Thursday, September 17, 2009

Payments Industry Prodigies

WARNING TO THE READER: I guess I'm in a bad mood today so pardon my rant. I'm just airing dirty laundry in this posting so if that's not your cup of tea, skip to the next posting.

The payments industry never ceases to amaze me. My latest amazement is how our prodigies are chosen when it comes to security. Here are three examples and if anyone has any explanation why, please feel free to post your thoughts:

(I'll keep the company and personal names out of this; if you're familiar with the industry, you know who I'm talking about)

First on my hit list, a prominent payment processor promoting a new security technology was a victim of one of the largest data breaches exposing credit card information. This by itself is not an issue because a breach can happen to anyone. What baffles me is that proper deployment and use of existing encryption technology could have prevented their breach. This seems like a deflection tactic: instead of shoring up our security gaps, we'll head up the development of a new theoretical technology where no one needs to be secure. This is the example of a perfectly executed public relations campaign.

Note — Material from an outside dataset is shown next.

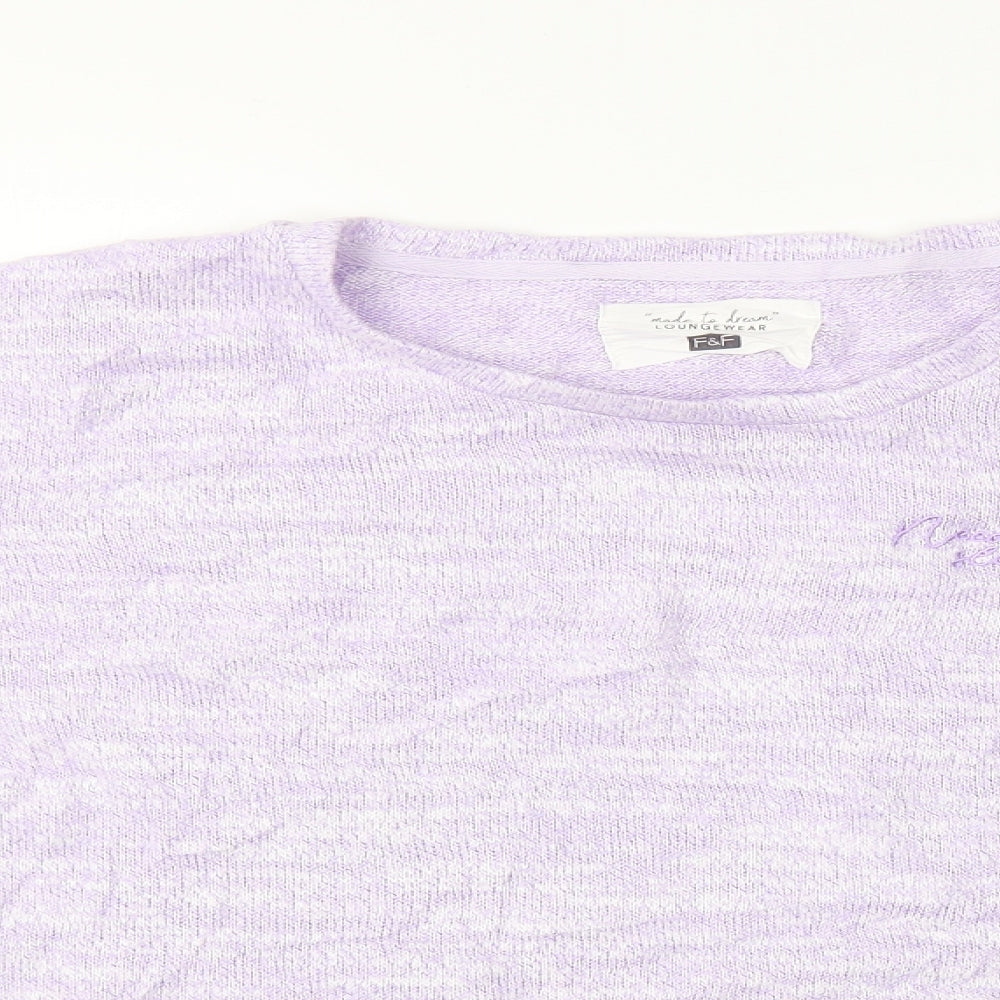 F&F  Womens Purple   Pullover Jumper Size 16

Next on my list, the Visa poster child for how a POS company should tackle security is probably the biggest factor in requiring CISP and later PCI. Security was all but completely ignored in all pre-2003 versions of their software; card holder data was stored in plain text in various files, remote access with administration level privileges all shared the same login credentials across the entire merchant base, system level administration access was required for all stations and the installation of anti-virus software was frowned upon (all practices that directly oppose security best practices). Then overnight – presto-chango – the model POS vendor for security (even though their application was not truly PCI compliant out-of-the-box until 2008).

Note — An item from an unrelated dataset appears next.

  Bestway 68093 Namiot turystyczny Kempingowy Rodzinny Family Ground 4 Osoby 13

Last on my list is a large merchant and victim of a breach that is now doing the "learn from our mistakes" tour. Don't get me wrong; someone who's been on the breach hot seat is the best speaker for convincing merchants to be secure. But let's get all the facts out. Less than two years earlier the decision makers at the company nixed a proposal that could have prevented their breach. Nixing a proposal is not the issue here, it's the reason given: "we don't need that technology, our systems are already secure." I've not heard this little fact on the "woe is me" tour, instead "we were just an innocent victim."